Goal of the exercise: Return all the lines below in which the string "Teal" appears.

─── Records shown ───

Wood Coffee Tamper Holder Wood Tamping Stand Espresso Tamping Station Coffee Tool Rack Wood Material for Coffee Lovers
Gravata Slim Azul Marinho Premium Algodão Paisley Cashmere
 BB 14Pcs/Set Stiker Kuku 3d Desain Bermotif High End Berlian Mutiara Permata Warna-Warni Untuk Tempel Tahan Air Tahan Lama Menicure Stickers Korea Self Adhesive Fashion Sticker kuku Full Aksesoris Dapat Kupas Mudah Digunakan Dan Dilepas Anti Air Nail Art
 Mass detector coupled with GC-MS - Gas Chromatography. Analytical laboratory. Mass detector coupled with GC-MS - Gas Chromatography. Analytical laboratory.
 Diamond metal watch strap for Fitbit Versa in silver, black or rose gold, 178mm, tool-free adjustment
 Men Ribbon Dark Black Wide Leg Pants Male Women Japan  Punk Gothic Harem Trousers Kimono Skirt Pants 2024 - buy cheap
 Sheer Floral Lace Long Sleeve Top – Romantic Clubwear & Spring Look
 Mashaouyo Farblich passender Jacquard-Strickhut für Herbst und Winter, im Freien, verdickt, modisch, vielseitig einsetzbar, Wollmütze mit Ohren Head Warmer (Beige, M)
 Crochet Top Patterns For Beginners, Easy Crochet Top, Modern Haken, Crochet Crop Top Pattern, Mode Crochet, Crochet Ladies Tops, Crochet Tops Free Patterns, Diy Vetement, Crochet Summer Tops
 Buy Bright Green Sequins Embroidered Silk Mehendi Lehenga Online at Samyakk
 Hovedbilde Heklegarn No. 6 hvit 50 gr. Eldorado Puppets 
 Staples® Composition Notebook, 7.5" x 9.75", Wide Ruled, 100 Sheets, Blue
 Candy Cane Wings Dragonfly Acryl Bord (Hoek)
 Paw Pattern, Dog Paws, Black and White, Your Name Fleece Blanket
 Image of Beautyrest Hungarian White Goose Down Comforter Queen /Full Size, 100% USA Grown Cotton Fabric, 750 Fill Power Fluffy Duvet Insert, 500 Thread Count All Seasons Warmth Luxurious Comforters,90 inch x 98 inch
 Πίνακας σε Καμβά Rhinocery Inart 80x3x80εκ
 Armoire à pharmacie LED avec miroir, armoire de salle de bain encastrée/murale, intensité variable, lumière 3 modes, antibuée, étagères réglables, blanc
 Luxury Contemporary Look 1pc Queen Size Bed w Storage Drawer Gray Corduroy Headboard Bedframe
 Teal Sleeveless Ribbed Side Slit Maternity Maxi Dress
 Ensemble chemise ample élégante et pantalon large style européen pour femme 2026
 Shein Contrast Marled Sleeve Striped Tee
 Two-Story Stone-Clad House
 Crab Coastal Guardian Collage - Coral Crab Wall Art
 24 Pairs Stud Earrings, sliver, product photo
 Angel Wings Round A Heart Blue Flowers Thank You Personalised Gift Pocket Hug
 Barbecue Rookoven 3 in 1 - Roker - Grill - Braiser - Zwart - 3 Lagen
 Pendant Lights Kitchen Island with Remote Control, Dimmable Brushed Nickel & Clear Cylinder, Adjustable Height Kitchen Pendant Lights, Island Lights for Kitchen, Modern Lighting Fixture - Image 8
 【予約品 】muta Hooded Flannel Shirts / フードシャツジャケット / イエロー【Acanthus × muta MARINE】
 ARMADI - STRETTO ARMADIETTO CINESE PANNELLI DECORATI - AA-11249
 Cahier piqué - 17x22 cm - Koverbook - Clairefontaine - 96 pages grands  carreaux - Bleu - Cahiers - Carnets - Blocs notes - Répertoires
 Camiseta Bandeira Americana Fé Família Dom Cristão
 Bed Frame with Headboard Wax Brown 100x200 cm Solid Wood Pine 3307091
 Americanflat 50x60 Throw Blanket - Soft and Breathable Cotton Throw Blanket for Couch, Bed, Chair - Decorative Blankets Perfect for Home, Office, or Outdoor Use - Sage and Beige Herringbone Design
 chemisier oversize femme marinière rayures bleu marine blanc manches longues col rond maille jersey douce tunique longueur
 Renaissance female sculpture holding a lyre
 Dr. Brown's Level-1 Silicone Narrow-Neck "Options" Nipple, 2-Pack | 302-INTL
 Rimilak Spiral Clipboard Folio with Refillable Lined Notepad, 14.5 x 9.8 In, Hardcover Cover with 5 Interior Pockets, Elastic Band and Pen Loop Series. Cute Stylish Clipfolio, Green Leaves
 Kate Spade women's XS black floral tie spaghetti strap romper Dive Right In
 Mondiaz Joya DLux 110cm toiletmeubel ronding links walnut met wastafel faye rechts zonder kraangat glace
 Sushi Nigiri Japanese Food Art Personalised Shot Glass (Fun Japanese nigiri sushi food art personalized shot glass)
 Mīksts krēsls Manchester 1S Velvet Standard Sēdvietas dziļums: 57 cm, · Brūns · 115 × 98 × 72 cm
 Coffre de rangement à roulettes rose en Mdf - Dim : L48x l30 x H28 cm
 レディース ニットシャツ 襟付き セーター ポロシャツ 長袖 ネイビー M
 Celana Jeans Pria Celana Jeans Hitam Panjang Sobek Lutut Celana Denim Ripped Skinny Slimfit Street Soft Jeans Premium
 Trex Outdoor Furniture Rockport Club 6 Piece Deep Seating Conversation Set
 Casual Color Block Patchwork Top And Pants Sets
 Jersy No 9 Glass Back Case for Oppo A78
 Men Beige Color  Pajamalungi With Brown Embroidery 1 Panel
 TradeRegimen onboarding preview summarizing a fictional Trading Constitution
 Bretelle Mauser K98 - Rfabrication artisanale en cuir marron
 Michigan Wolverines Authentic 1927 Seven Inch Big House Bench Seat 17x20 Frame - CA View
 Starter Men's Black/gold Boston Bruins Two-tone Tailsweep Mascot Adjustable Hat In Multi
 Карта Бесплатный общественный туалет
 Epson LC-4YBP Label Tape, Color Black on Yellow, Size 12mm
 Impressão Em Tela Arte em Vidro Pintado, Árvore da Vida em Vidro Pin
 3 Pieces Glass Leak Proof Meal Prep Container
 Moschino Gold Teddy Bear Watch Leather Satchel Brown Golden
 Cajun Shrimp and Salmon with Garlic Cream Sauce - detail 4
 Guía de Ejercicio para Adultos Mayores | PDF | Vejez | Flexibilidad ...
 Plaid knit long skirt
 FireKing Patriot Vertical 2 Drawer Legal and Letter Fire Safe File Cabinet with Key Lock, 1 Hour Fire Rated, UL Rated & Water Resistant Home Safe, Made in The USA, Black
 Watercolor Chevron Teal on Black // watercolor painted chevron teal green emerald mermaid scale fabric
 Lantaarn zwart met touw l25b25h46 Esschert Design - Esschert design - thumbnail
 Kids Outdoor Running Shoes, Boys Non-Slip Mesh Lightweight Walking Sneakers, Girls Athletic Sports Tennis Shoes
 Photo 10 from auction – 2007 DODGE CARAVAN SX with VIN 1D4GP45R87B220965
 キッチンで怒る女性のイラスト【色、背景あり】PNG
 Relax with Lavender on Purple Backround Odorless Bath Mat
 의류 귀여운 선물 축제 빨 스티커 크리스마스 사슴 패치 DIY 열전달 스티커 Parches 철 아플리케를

───

Task answer:
 Teal Sleeveless Ribbed Side Slit Maternity Maxi Dress
 Watercolor Chevron Teal on Black // watercolor painted chevron teal green emerald mermaid scale fabric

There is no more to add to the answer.